## [Exercise brief]
Your copy should run exactly from the line containing "Bandanas Piklodo pour" to the last line of the entries below, and it should include no pictures.

Short text fragments from websites:
————————

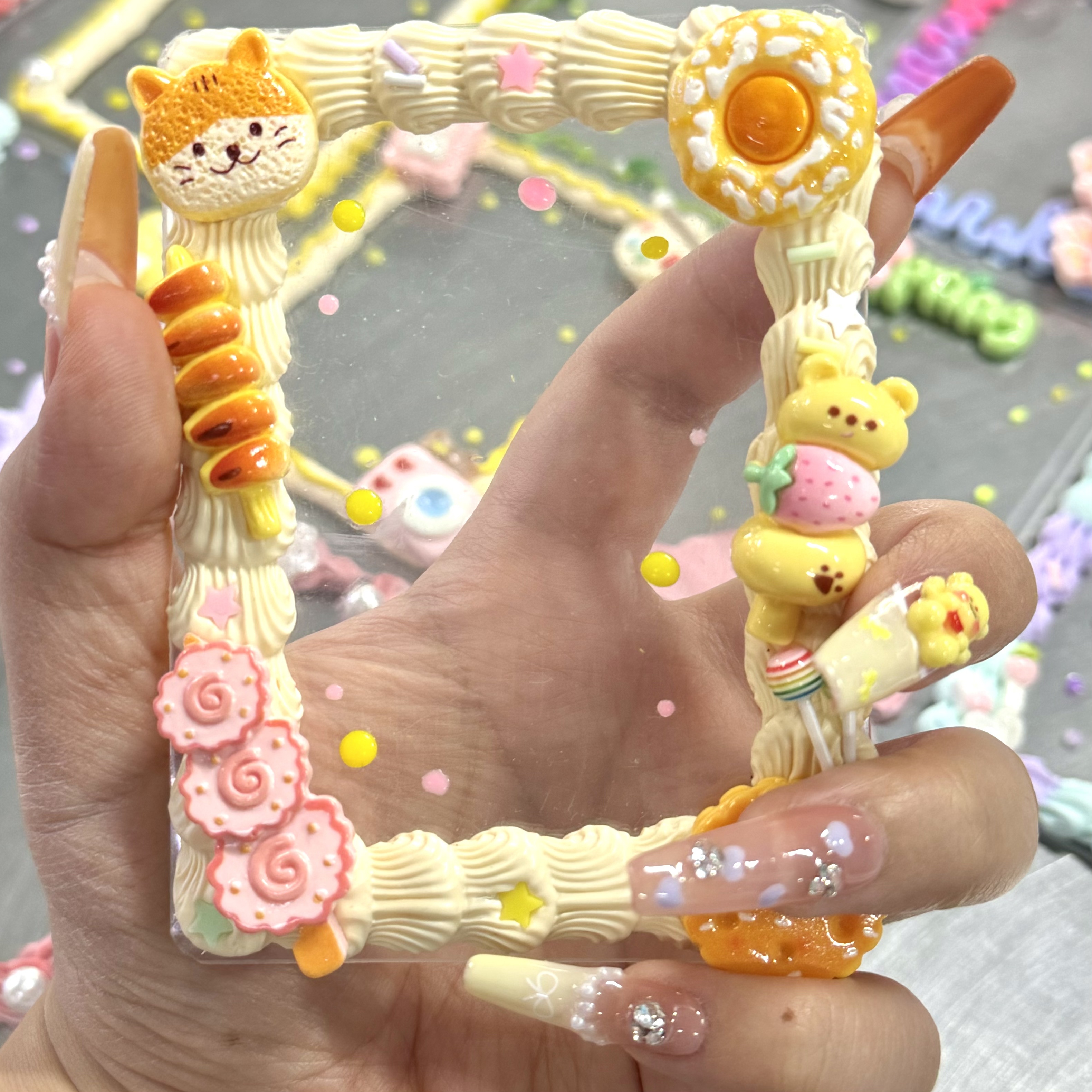 可爱卡通奶油胶精美多巴胺卡套 直播间主播代拆款式随机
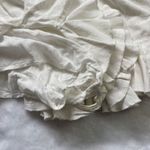 Blush Boutique Ruffle Romper Women's Size Small Rayon Linen Off White Lined FLAW Photo 4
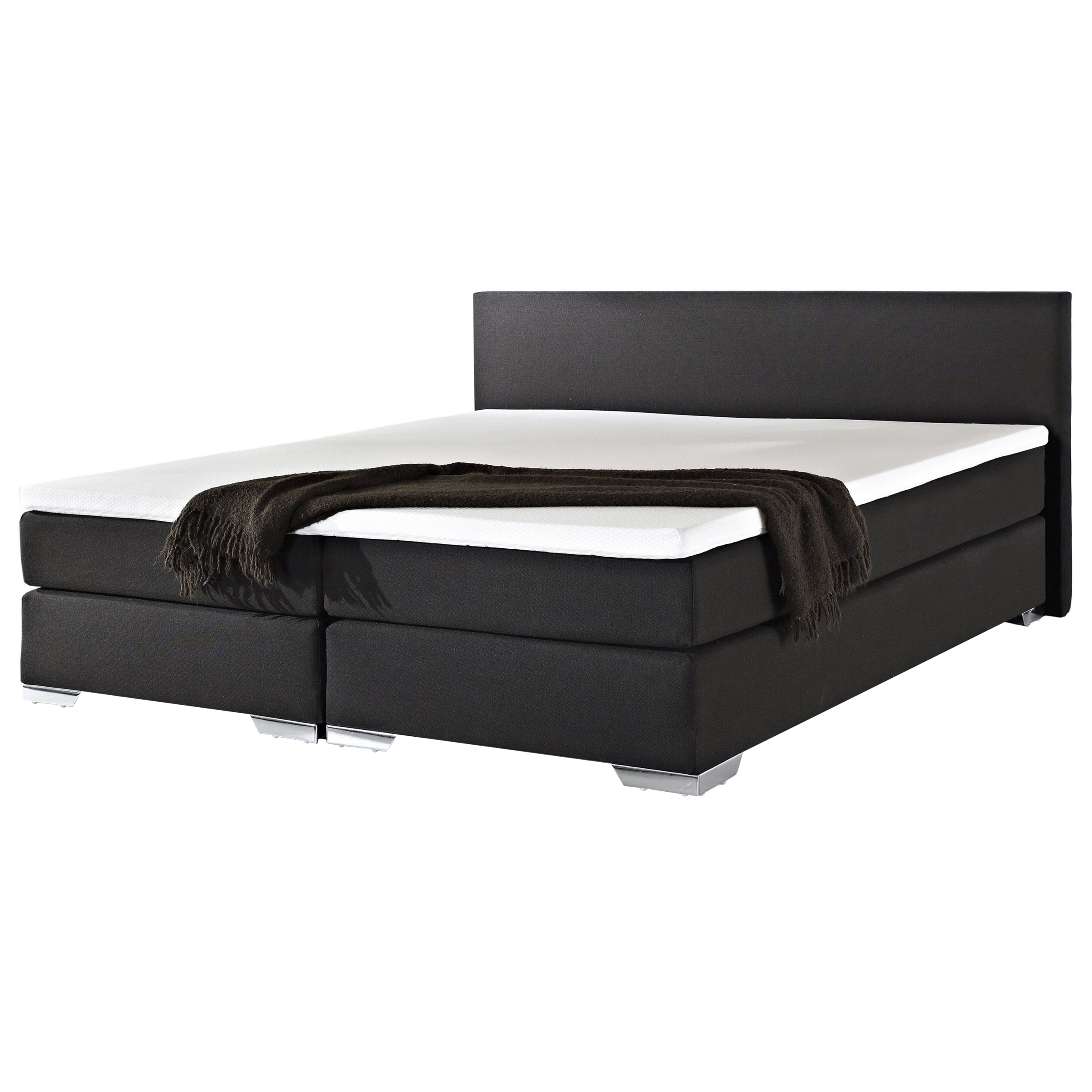 Boxspring stof zwart 180 x 200 cm PRESIDENT
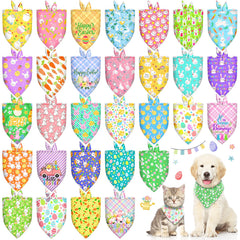 Bandanas Piklodo pour chien, ensemble Paques, prêt pour photos festives.
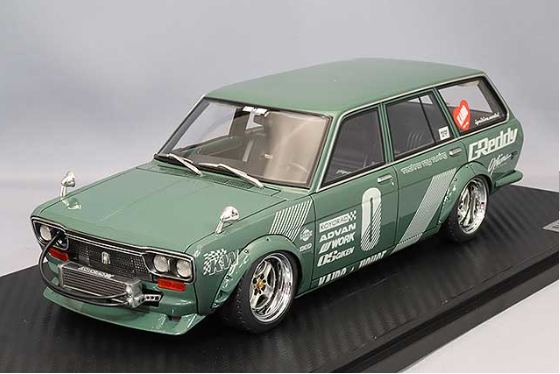 Ignition Model IG3147 1/18 Datsun Bluebird 510 Wagon Green Jun Imai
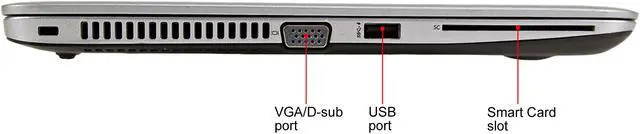 Alt view image 6 of 6 - HP Laptop Intel Core i5-6300U 8GB Memory 128 SSD Intel HD Graphics 14.0" Non-Touch Screen Windows 10 840 G3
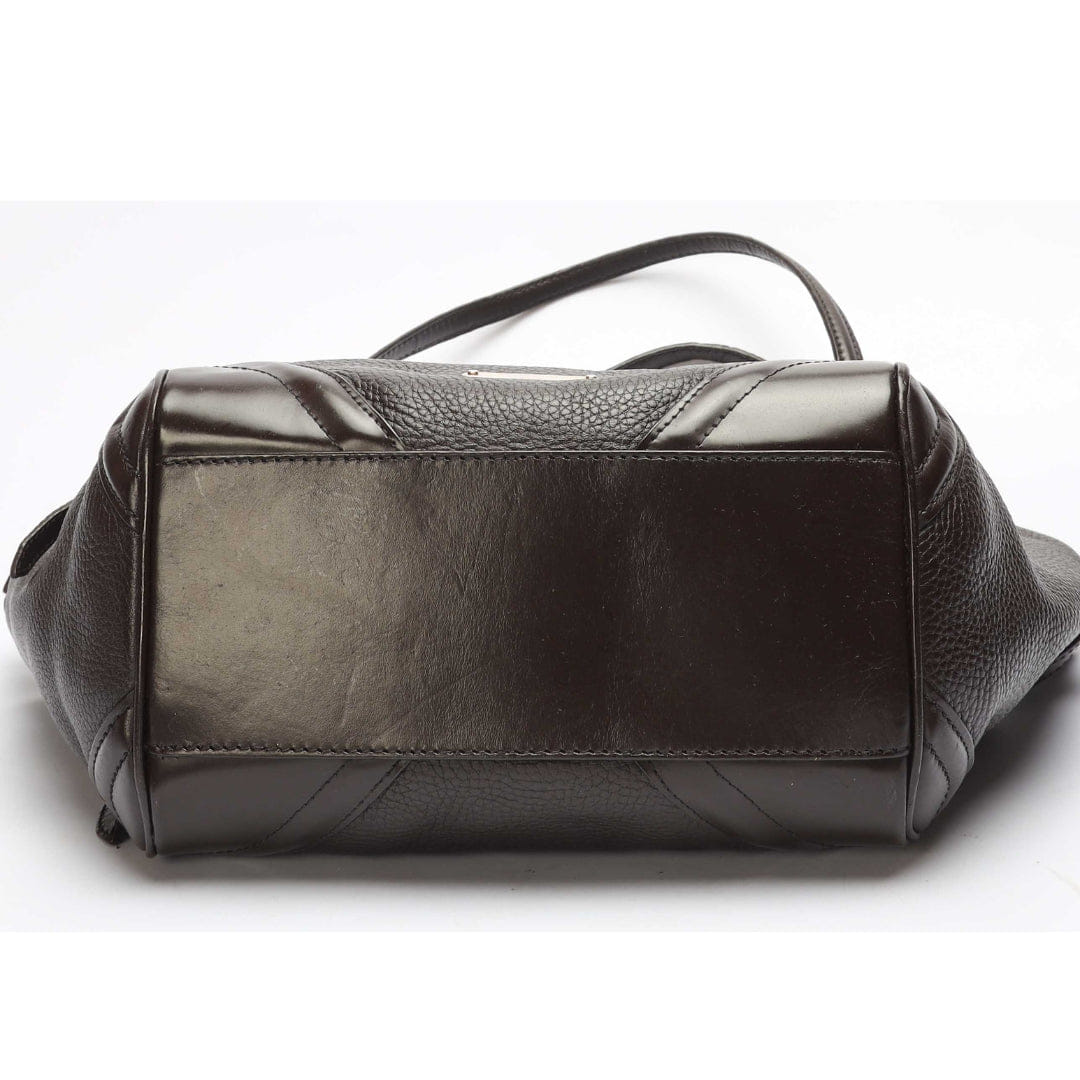 Burberry Dark Brown Canterbury Tote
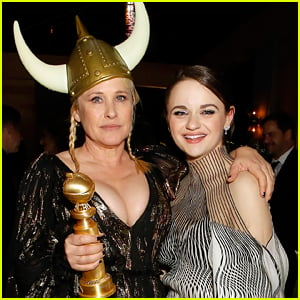 Joey King Got Hit In The Head With Patricia Arquette's Golden Globes Award!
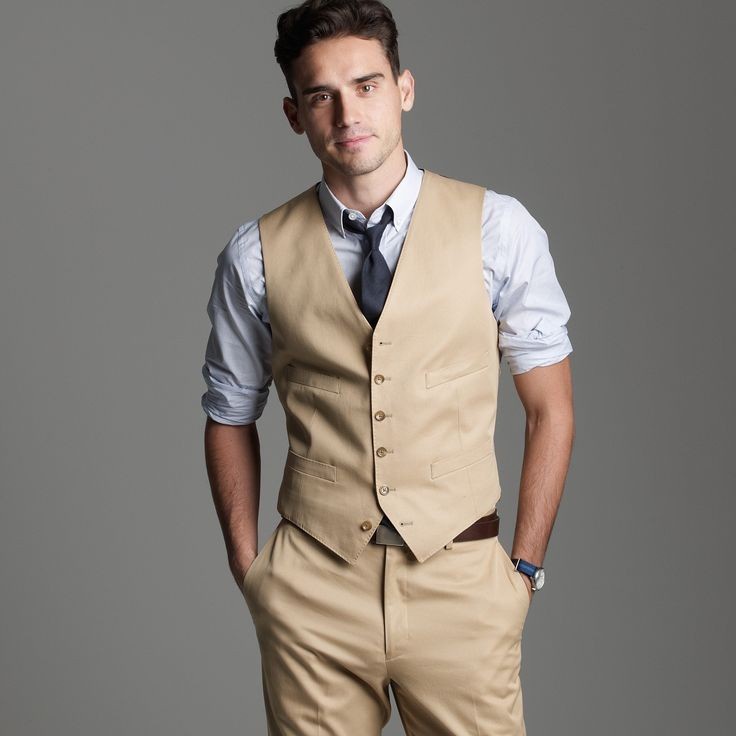 SETELAN VEST / ROMPI FORMAL PRIA SLIMFIT WARNA MILO 2IN1 BAHAN HIGH TWIST ORIGINAL NIKAYU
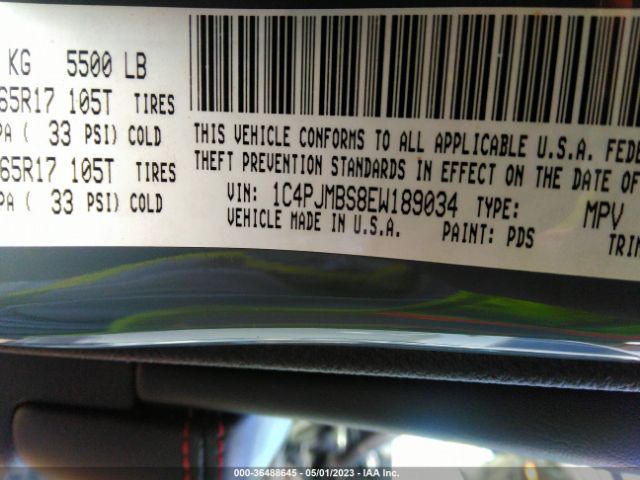 1C4PJMBS8EW189034 Jeep Cherokee Trailhawk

————————

## [Written response]
 Bandanas Piklodo pour chien, ensemble Paques, prêt pour photos festives.
 Ignition Model IG3147 1/18 Datsun Bluebird 510 Wagon Green Jun Imai
 Alt view image 6 of 6 - HP Laptop Intel Core i5-6300U 8GB Memory 128 SSD Intel HD Graphics 14.0" Non-Touch Screen Windows 10 840 G3
 Burberry Dark Brown Canterbury Tote
 Joey King Got Hit In The Head With Patricia Arquette's Golden Globes Award!
 SETELAN VEST / ROMPI FORMAL PRIA SLIMFIT WARNA MILO 2IN1 BAHAN HIGH TWIST ORIGINAL NIKAYU
 1C4PJMBS8EW189034 Jeep Cherokee Trailhawk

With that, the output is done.